There's an assumption embedded in how most teams think about this risk: that even if engineers aren't retaining system knowledge as deeply as they used to, the AI is. That the reasoning is somewhere - in the model, in the chat history, retrievable if you need it. It isn't. AI coding agent sessions are stateless by default. The back-and-forth your engineer had with the agent to arrive at an architectural decision - the alternatives that were considered, the constraints that shaped the approach, the assumptions baked into the final choice - disappears when the session closes. It was never written down or committed - it lived in a conversation window, and then it didn't. The knowledge isn't shifting from human brains to AI brains; it's evaporating. Cognitive drain isn't a transfer problem. It's a loss problem.

What Cognitive Drain Looks Like Before You Name It
Part of what makes this risk hard to manage is that it doesn't produce an immediate incident - the signals are softer, earlier, and easy to rationalize as other things.
The most diagnostic signal I've found is what happens in incident postmortems. When cognitive drain has taken hold, the team can describe what happened but struggles to explain why the system was designed to behave that way. "I'm not sure why it does that" in an incident review isn't a performance problem - it's a comprehension signal, and it surfaces there before it surfaces anywhere else.
A subtler tell is escalation creep. Mid-level engineers start routing "is this the right approach?" questions to Staff+ for decisions that should be within their existing context. It can look like healthy mentorship, but what's actually happening is that the ambient shared knowledge engineers would normally draw on quietly isn't there anymore, and the questions migrate upward to fill the gap.
Then there are pull requests that cross service boundaries or touch shared contracts with no annotation of the dependency reasoning. You can read every line of the diff and still not know why the change was made this way - what the alternative was, what constraint ruled it out, or whether the engineer who wrote it understood the contract they were modifying. Tests pass, the AI risk summary looks fine, and it ships. The decision rationale exists nowhere in the codebase - not in the PR description, not in a commit message, not anywhere.
If you're seeing any of this on your team, the drain is already underway.
The Question Underneath the Metrics
For most teams right now, the shared understanding built up before AI arrived is still doing its job. The question is how long that holds.
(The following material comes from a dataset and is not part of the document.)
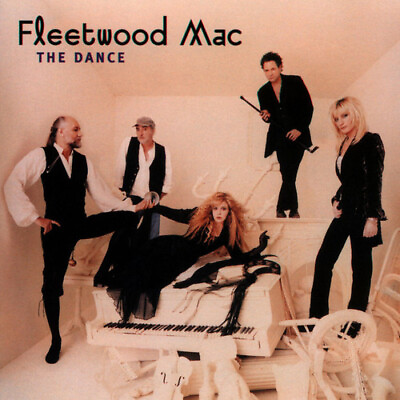 #ad Fleetwood Mac Dance New Vinyl LP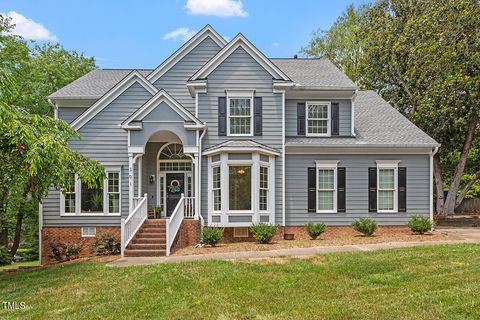 A home in Carrboro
The question worth sitting with isn't whether you're shipping - it's whether your team understands what it has built well enough to change it with confidence. Those are different questions, and for the last several years, the answer to the first one has been standing in for the answer to the second.

AI-assisted development makes that substitution more dangerous, because it widens the gap between output and comprehension faster than anything that came before it.
The metrics will catch up eventually, and the question is whether you start measuring comprehension alongside output now, or after the first engineer surfaces from a two-week incident unable to explain why the system behaved the way it did.
Naming the risk is the first step. The next two articles in this series cover what to do about it: What Just Happened? addresses the individual practices for capturing decisions before their reasoning evaporates, and Building the Memory Layer covers how to scale those practices across an organization and prepare for the governance demands of autonomous agents. But you can't build those practices until you've accepted that the drain is real, that it's already happening, and that your current measurement system isn't set up to show it to you.
The pool still looks fine. That's the problem.